### [Exercise directions]
Below are lines of records; copy exactly those from the one containing "view of nearby" through the one containing "long narrow hulls.", leaving the pictures behind.

+++

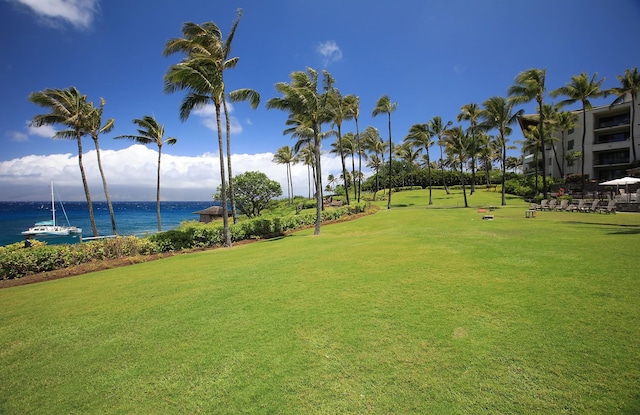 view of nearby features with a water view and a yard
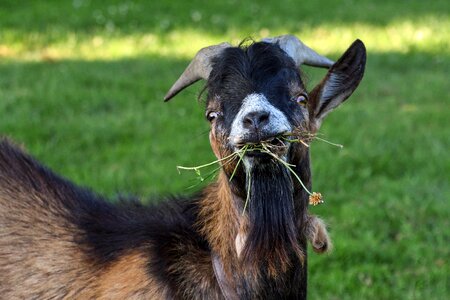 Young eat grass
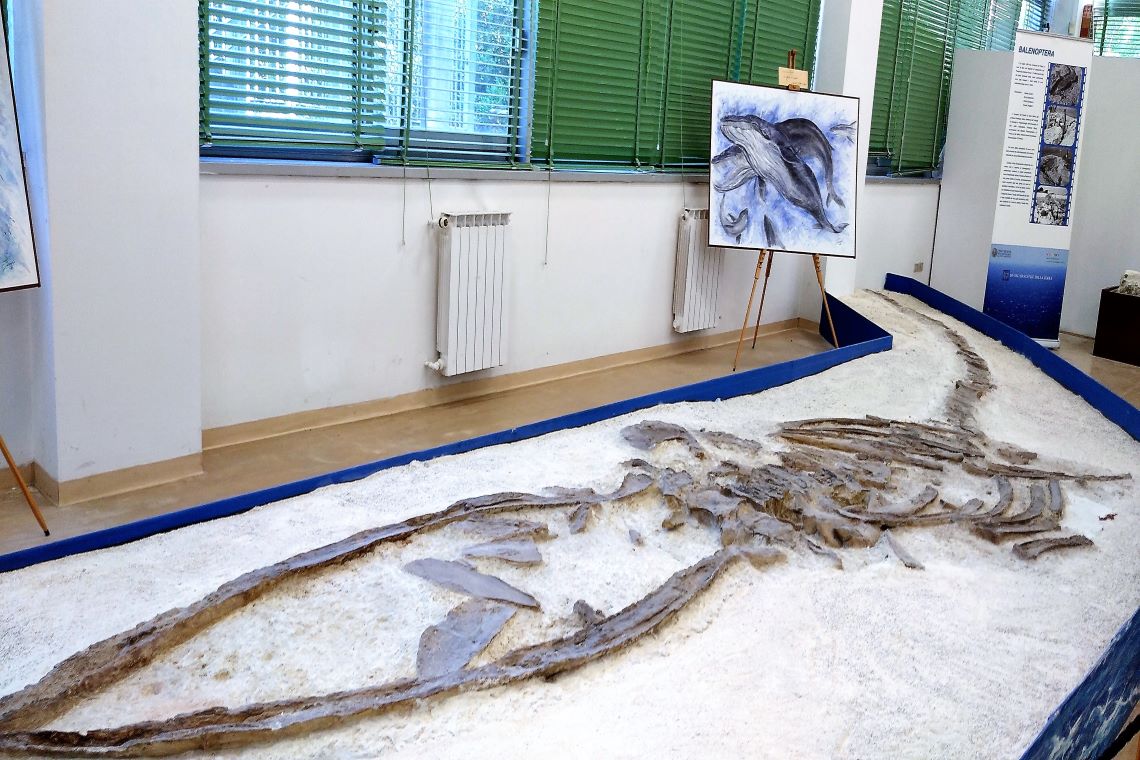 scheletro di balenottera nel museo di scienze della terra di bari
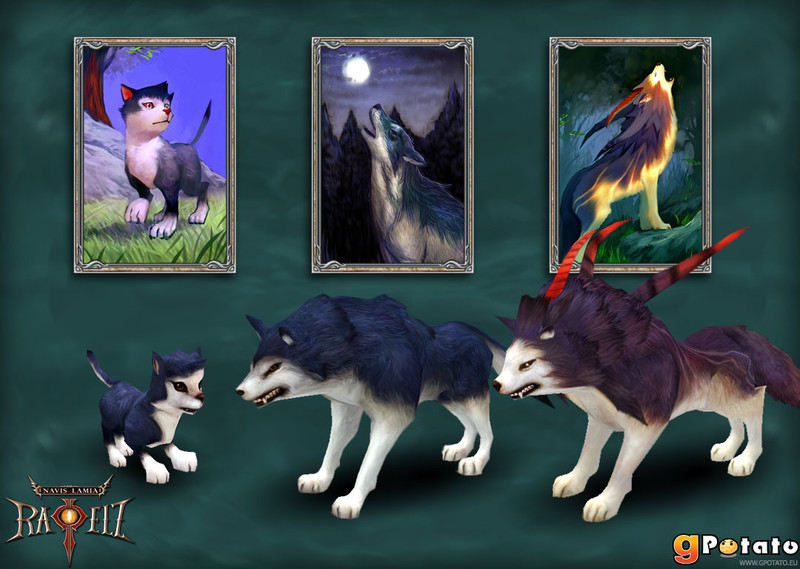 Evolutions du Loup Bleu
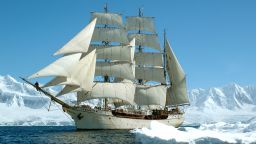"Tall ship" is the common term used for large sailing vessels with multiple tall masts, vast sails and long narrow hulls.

+++

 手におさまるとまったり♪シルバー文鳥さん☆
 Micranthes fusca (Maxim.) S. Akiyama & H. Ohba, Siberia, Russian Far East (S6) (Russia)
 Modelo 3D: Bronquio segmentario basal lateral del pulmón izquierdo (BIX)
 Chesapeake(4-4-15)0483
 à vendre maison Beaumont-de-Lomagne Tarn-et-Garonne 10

+++

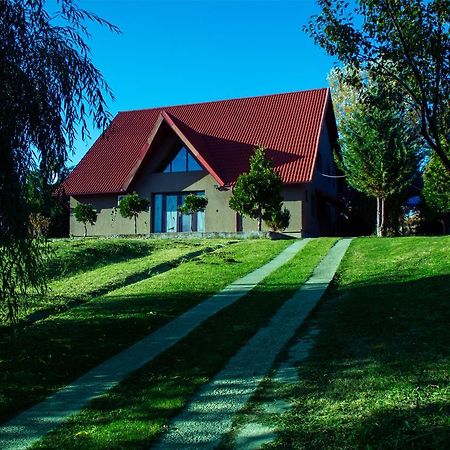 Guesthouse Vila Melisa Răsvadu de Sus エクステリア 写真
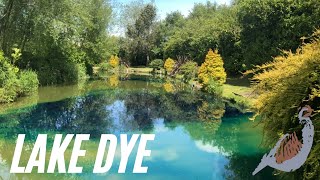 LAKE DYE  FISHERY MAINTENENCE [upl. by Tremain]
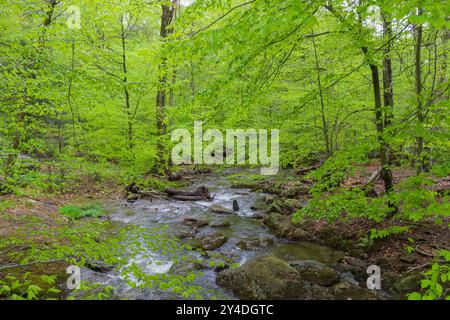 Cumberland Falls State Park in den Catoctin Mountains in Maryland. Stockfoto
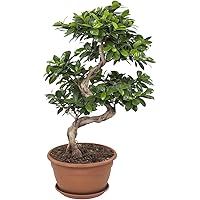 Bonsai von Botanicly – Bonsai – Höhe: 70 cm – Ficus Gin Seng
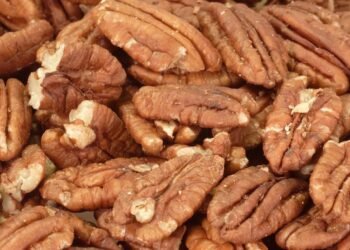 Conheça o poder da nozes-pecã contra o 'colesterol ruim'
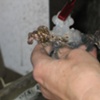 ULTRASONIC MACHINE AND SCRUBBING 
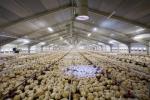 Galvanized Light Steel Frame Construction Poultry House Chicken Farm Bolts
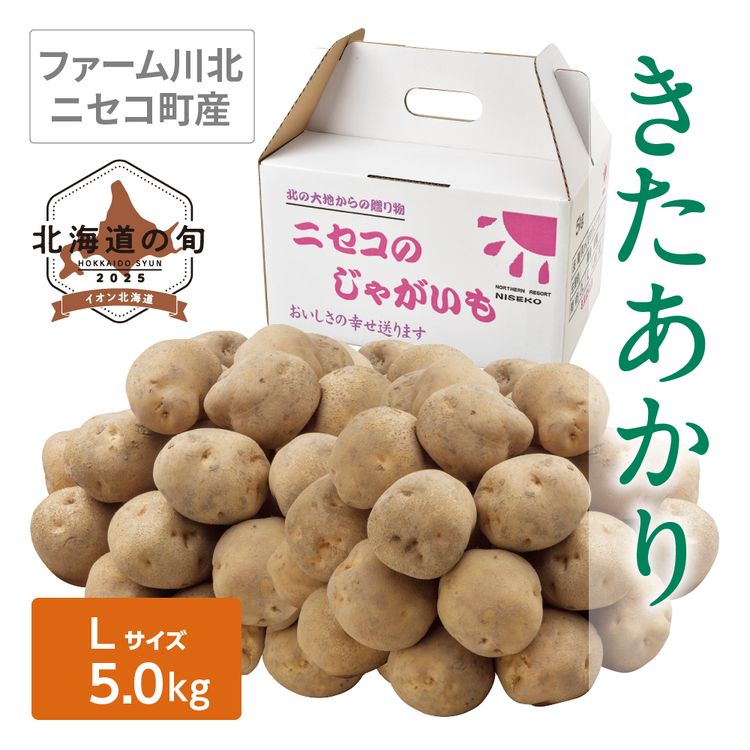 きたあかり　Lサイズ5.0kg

+++

### [Answer below]
 view of nearby features with a water view and a yard
 Young eat grass
 scheletro di balenottera nel museo di scienze della terra di bari
 Evolutions du Loup Bleu
"Tall ship" is the common term used for large sailing vessels with multiple tall masts, vast sails and long narrow hulls.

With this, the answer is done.